> _What you are asked to do_: From the entries that follow, reproduce exactly and only the lines from the line with "1980 USA Miracle" to the line with "gebraucht Skoda Enyaq", endpoints included.

> _Data records_:
+++
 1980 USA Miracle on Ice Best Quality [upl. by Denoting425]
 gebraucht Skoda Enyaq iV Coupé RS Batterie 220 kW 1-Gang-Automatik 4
+++
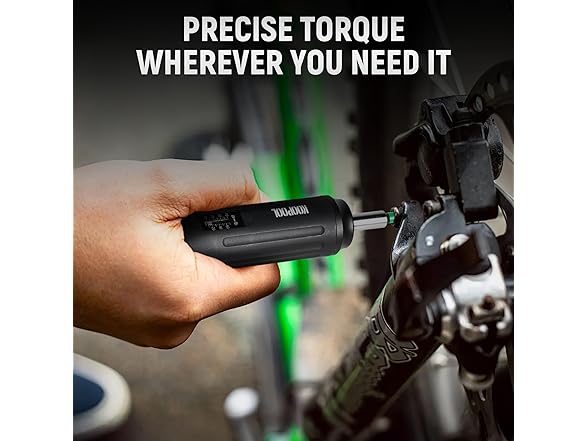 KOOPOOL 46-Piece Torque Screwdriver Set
+++
> _Task solution_:
 1980 USA Miracle on Ice Best Quality [upl. by Denoting425]
 gebraucht Skoda Enyaq iV Coupé RS Batterie 220 kW 1-Gang-Automatik 4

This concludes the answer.